Task objective - Everything in the data below is left aside except the lines from the one containing "Apartamento San Juan Malaga Bagian luar foto" through the one containing "de très pers"; repeat those exactly.
⟨
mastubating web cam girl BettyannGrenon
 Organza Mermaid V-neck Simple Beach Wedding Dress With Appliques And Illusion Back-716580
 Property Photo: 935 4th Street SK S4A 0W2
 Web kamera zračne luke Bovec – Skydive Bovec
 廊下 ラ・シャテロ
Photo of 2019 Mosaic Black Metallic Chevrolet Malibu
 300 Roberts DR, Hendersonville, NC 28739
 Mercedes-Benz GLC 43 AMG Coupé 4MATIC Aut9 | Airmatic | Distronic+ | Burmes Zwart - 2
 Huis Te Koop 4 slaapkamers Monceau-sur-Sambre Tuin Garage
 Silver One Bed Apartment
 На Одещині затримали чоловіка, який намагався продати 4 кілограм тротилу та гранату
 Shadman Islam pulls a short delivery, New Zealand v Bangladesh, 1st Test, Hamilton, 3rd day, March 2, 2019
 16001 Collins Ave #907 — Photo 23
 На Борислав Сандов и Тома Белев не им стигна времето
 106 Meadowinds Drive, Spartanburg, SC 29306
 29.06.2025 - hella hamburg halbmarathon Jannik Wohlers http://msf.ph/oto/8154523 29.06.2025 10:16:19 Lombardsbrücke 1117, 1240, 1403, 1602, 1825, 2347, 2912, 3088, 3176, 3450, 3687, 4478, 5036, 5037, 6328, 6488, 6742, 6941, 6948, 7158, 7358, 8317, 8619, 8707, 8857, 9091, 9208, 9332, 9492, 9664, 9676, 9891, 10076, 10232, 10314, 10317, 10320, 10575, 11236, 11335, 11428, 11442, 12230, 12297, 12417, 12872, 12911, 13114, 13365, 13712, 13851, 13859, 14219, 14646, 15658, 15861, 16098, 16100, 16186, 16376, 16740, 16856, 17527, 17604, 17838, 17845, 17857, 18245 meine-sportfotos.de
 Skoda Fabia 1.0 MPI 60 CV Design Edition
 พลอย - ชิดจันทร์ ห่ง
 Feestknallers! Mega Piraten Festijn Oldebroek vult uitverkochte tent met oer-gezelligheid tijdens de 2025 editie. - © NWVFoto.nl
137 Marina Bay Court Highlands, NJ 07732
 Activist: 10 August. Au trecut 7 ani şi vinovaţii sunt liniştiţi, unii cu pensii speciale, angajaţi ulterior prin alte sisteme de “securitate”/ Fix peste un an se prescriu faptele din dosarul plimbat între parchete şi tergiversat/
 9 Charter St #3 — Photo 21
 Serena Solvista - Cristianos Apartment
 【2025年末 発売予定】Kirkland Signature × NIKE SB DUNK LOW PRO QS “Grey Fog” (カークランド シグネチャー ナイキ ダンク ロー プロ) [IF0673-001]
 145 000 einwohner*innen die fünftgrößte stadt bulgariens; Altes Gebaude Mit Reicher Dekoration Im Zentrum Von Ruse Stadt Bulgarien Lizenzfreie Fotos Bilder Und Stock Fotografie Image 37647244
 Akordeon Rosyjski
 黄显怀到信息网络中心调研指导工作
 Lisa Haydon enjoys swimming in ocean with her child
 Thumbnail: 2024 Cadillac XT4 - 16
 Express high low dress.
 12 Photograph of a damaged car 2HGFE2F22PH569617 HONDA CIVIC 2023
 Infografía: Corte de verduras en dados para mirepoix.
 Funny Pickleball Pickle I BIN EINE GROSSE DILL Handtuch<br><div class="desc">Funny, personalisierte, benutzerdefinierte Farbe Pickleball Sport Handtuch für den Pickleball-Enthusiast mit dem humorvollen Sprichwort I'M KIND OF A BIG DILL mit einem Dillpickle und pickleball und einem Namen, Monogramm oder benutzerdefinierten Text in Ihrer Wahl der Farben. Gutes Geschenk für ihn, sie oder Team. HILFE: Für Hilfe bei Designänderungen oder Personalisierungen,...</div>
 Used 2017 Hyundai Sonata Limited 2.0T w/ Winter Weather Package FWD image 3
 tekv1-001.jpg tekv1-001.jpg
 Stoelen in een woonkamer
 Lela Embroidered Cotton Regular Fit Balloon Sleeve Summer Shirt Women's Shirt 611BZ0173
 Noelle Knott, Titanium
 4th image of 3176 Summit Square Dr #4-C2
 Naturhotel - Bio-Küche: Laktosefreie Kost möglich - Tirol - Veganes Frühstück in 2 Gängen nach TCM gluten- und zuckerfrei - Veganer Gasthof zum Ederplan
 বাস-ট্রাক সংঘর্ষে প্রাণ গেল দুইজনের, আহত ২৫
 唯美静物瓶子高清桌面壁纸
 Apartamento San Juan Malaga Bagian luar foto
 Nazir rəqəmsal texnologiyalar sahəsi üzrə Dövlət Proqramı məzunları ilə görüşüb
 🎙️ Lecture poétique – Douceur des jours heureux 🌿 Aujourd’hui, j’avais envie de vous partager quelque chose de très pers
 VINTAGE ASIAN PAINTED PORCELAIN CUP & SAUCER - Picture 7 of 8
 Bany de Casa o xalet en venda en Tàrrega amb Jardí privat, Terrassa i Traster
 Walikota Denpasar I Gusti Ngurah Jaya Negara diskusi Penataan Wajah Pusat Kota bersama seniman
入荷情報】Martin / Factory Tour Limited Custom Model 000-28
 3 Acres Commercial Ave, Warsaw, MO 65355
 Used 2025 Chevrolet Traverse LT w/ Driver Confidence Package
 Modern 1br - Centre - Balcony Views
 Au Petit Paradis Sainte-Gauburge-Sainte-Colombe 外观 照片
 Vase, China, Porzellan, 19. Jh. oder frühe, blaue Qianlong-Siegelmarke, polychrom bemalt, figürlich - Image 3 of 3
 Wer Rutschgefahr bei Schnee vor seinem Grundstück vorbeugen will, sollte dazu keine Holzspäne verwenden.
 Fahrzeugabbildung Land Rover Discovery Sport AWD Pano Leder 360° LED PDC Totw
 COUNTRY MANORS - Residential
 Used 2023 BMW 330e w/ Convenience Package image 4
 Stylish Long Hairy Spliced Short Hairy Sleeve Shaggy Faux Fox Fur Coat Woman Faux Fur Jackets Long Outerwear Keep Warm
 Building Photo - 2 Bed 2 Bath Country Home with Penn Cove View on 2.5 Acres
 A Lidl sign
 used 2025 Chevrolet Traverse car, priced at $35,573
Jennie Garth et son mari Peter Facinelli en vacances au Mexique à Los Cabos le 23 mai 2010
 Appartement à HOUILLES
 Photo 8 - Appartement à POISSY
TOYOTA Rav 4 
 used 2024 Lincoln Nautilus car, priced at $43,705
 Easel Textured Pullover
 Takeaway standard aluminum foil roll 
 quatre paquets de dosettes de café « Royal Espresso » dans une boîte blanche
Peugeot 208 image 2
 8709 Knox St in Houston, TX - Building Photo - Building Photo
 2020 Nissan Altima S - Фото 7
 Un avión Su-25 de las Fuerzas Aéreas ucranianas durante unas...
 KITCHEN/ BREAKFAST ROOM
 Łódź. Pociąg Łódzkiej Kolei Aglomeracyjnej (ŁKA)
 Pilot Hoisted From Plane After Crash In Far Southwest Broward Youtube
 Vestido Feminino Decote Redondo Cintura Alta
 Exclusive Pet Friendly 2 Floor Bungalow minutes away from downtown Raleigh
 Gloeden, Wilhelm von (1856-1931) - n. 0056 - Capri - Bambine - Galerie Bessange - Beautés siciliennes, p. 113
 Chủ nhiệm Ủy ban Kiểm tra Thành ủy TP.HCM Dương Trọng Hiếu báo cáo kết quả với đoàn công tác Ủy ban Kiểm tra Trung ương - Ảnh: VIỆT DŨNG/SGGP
⟩
Response to this exercise -
 Apartamento San Juan Malaga Bagian luar foto
 Nazir rəqəmsal texnologiyalar sahəsi üzrə Dövlət Proqramı məzunları ilə görüşüb
 🎙️ Lecture poétique – Douceur des jours heureux 🌿 Aujourd’hui, j’avais envie de vous partager quelque chose de très pers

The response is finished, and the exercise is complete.